> DIRECTIONS FOR THIS TASK: Any pictures in the records below must be left out when you repeat the lines from the line containing "The Dots: Comedy" through the line containing "Vista 10 de" exactly.

> MATERIAL FOR THE TASK:
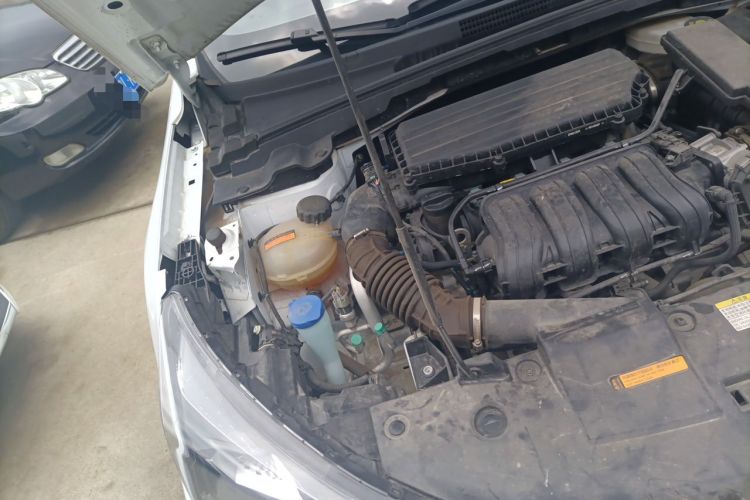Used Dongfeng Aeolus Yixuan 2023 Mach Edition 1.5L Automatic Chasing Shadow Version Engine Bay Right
* * *
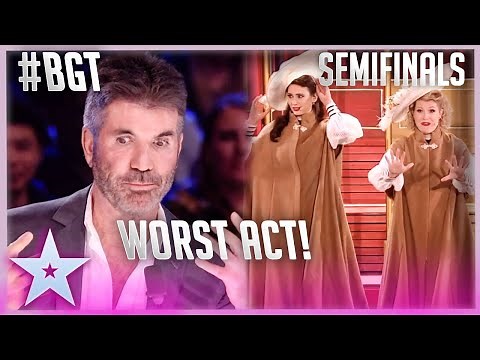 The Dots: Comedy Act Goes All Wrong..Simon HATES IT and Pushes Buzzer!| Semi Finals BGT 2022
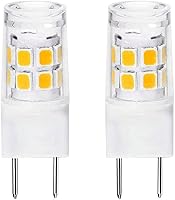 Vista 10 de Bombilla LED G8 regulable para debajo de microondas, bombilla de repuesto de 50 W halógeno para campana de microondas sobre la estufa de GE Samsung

> EXPECTED ANSWER:
 The Dots: Comedy Act Goes All Wrong..Simon HATES IT and Pushes Buzzer!| Semi Finals BGT 2022
 Vista 10 de Bombilla LED G8 regulable para debajo de microondas, bombilla de repuesto de 50 W halógeno para campana de microondas sobre la estufa de GE Samsung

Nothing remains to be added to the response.